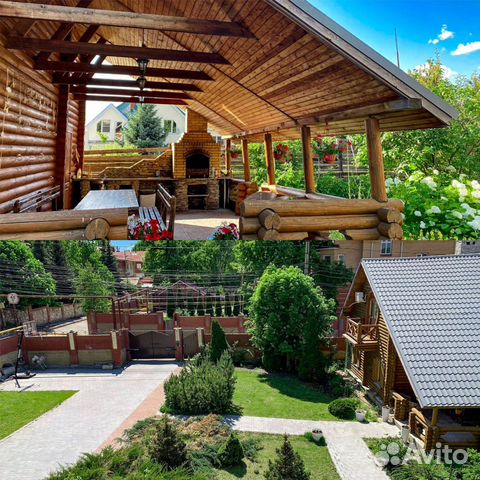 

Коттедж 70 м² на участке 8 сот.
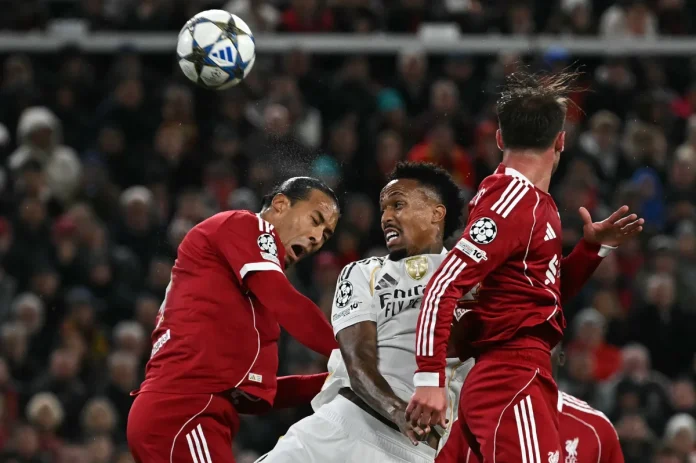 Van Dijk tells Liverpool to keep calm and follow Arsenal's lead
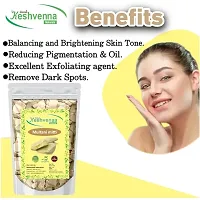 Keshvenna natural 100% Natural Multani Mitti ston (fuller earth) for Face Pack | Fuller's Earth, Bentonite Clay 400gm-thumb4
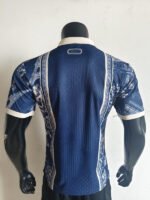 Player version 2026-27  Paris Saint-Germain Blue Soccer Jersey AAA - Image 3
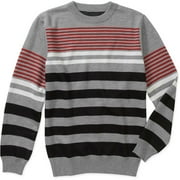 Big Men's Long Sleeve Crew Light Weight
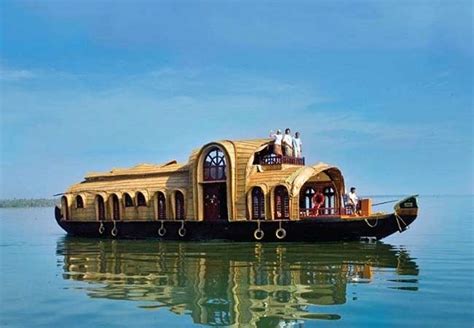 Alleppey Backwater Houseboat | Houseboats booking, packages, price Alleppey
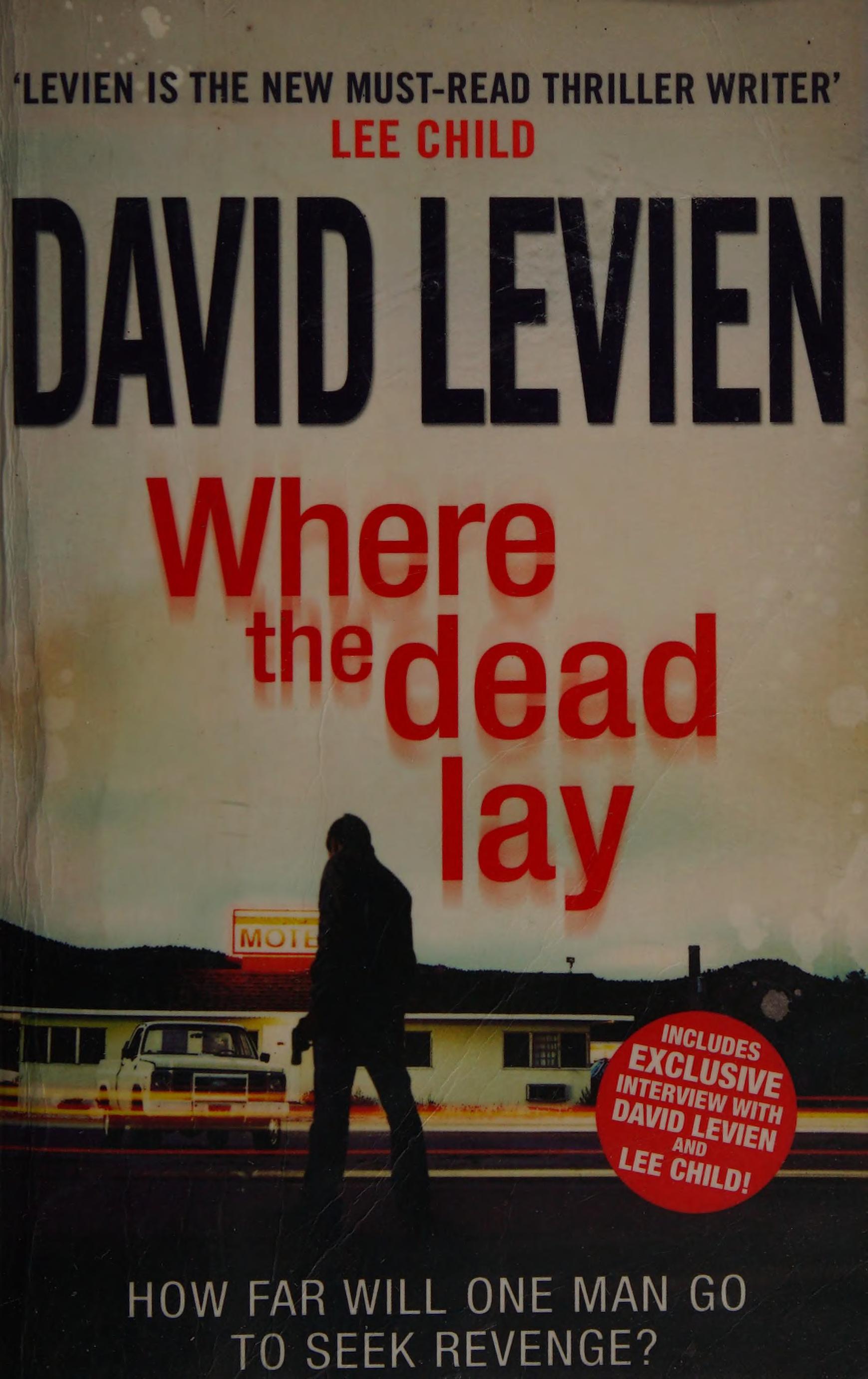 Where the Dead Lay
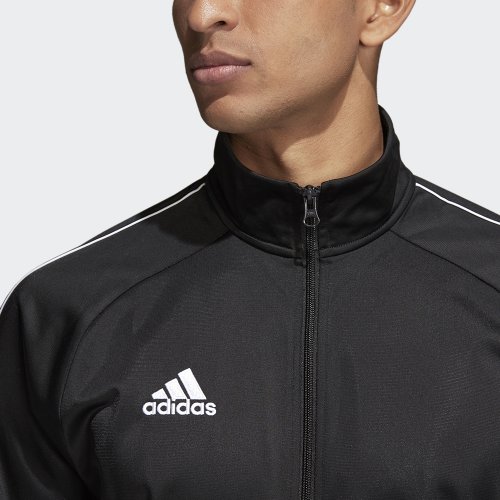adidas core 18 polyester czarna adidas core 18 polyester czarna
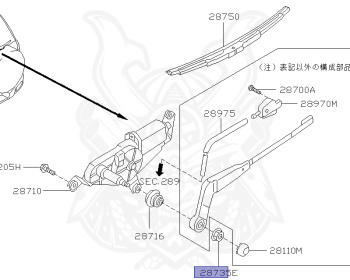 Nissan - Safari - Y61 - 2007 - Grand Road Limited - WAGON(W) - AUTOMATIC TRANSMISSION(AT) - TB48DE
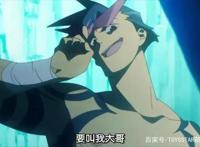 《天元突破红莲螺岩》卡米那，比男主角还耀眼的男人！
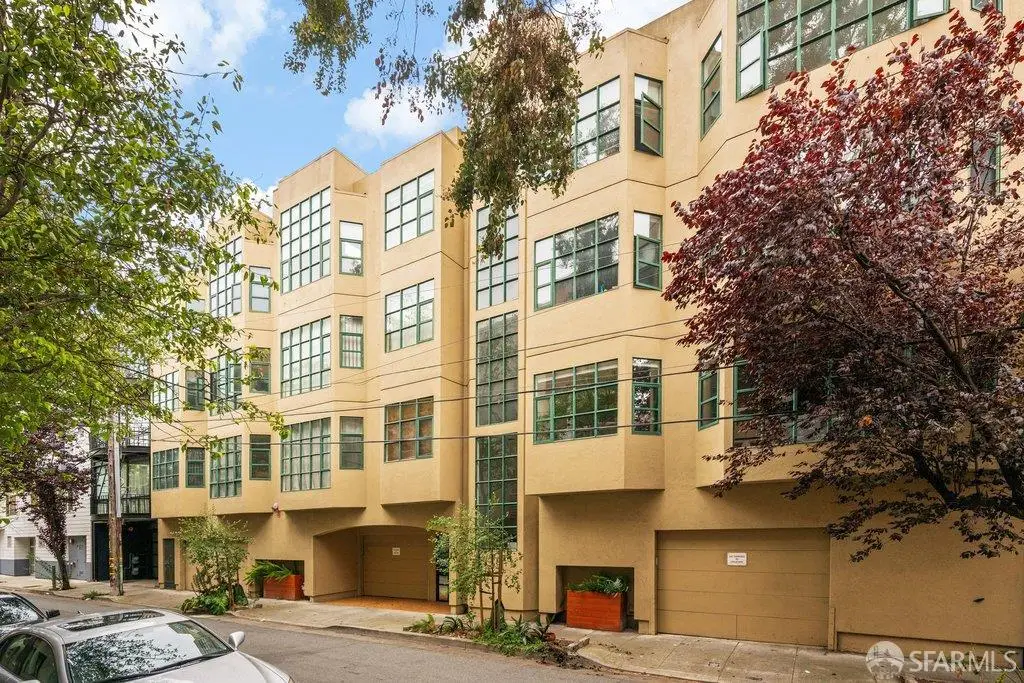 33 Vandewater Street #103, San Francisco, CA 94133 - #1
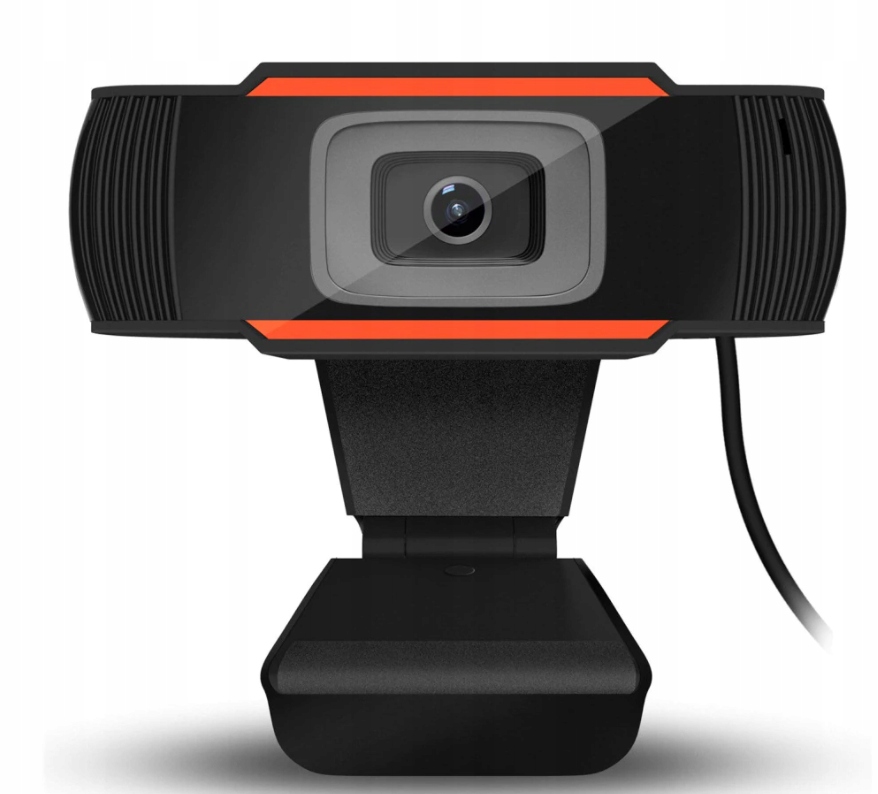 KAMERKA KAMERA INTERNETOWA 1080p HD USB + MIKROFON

● **Instructions to follow**: Your reply should consist solely of the lines above from the line containing "Player version 2026-27" up to and including the line containing "Nissan - Safari", reproduced exactly, minus the pictures.

● **Expected answer**:
 Player version 2026-27  Paris Saint-Germain Blue Soccer Jersey AAA - Image 3
 Big Men's Long Sleeve Crew Light Weight
 Alleppey Backwater Houseboat | Houseboats booking, packages, price Alleppey
 Where the Dead Lay
adidas core 18 polyester czarna adidas core 18 polyester czarna
 Nissan - Safari - Y61 - 2007 - Grand Road Limited - WAGON(W) - AUTOMATIC TRANSMISSION(AT) - TB48DE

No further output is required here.